Supplied material START

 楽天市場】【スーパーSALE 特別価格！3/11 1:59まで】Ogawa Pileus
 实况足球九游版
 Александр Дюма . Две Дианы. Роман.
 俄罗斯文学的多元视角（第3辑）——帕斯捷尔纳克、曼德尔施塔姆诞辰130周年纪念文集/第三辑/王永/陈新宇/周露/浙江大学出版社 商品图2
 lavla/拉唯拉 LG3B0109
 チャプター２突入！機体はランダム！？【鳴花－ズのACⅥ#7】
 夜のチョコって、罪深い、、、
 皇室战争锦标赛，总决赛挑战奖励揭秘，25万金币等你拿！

Supplied material END
Supplied material START

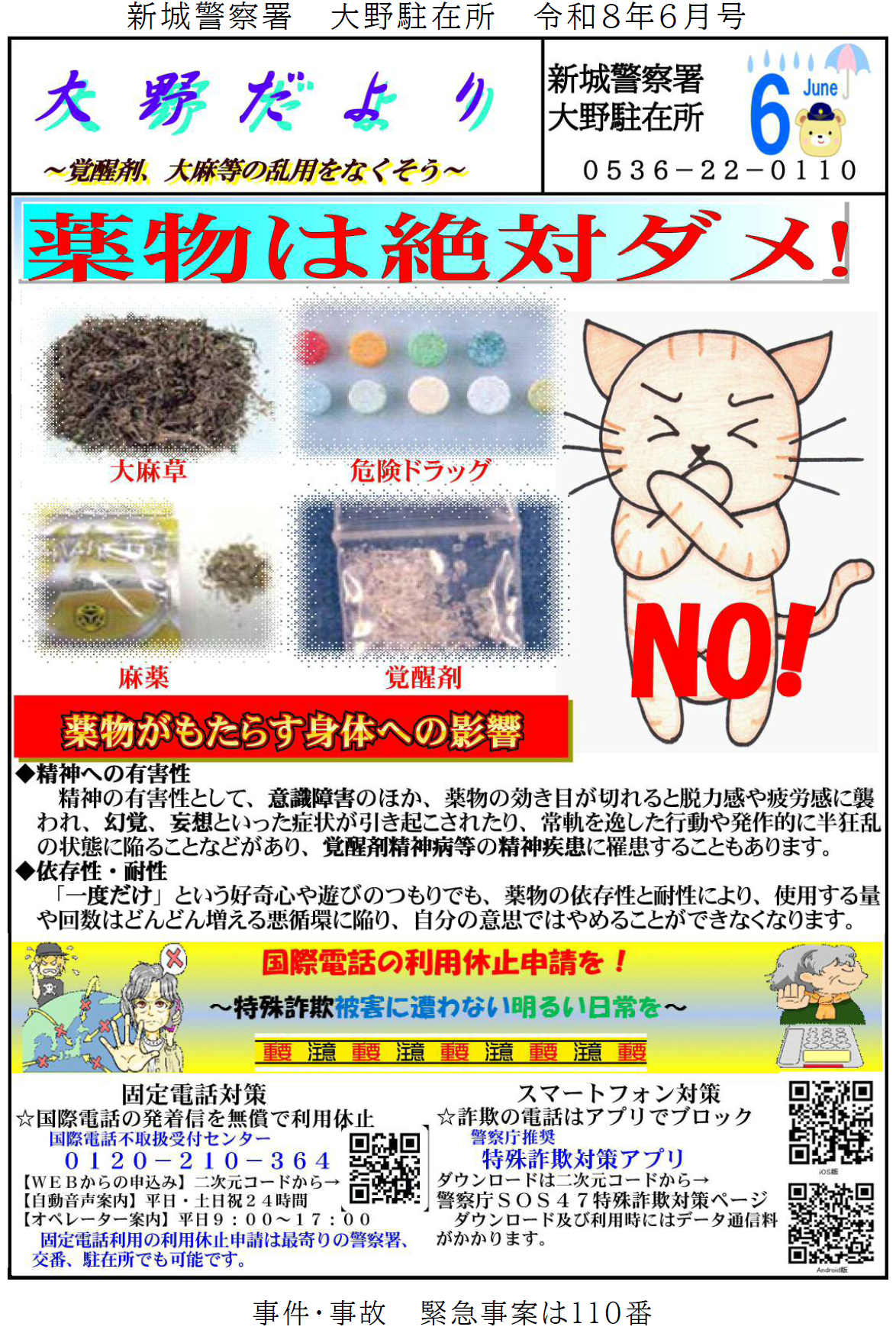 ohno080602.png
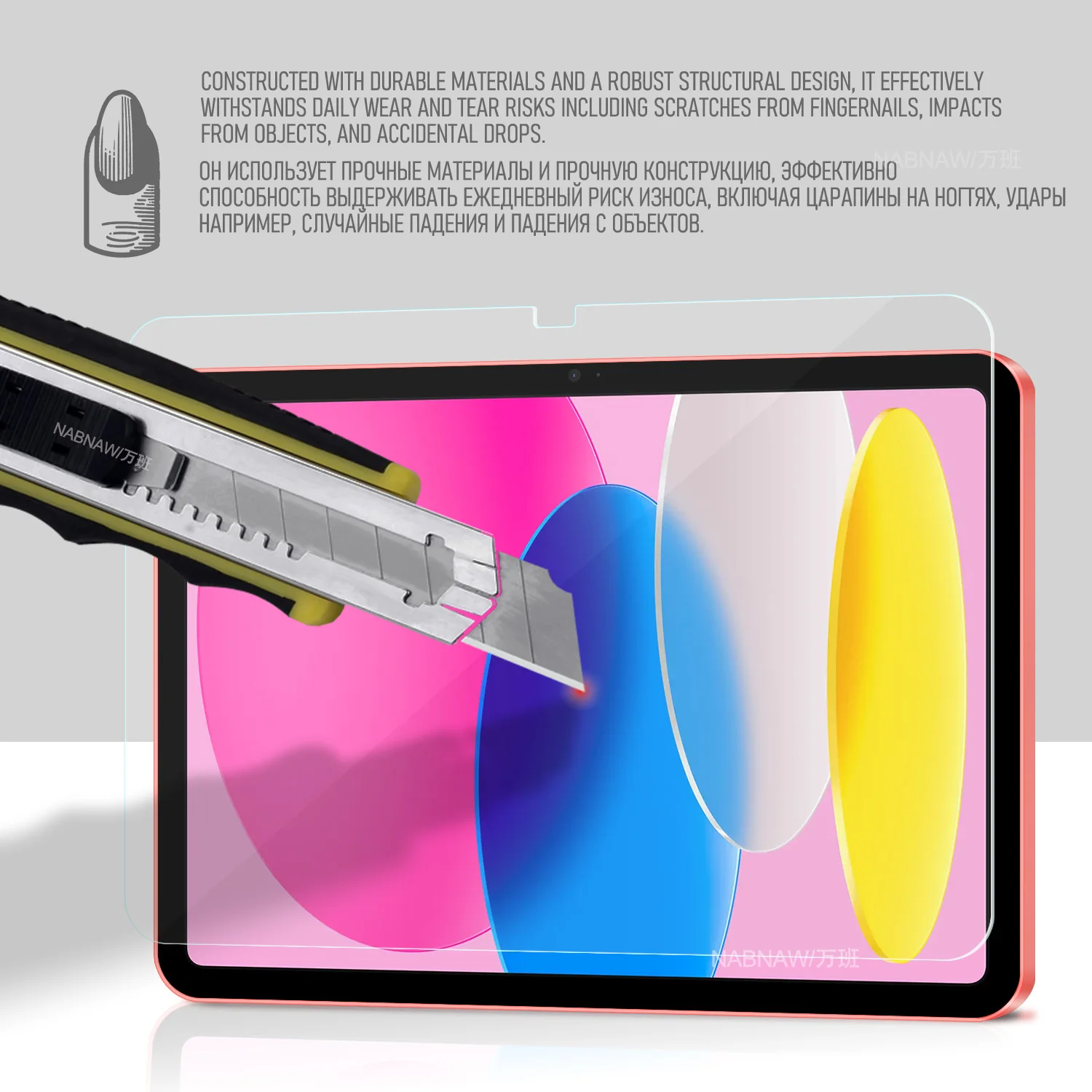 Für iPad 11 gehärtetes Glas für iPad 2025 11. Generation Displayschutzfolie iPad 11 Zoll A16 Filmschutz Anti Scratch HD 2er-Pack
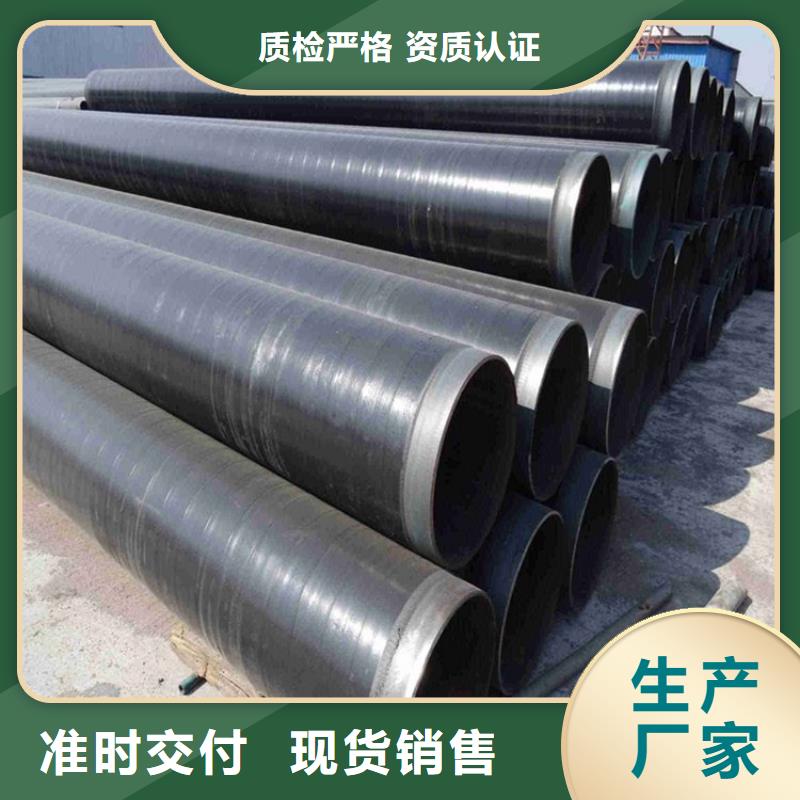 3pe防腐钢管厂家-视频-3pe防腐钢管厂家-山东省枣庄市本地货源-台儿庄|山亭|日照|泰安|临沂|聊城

Supplied material END

▶ _What to produce_
In your answer, include only the lines above starting at the line that holds "チャプター２突入！機体はランダム！？【鳴花－ズのACⅥ#7】" and ending at the line that holds "皇室战争锦标赛，总决赛挑战奖励揭秘，25万金币等你拿！", copied exactly.

▶ _Output of the exercise_
 チャプター２突入！機体はランダム！？【鳴花－ズのACⅥ#7】
 夜のチョコって、罪深い、、、
 皇室战争锦标赛，总决赛挑战奖励揭秘，25万金币等你拿！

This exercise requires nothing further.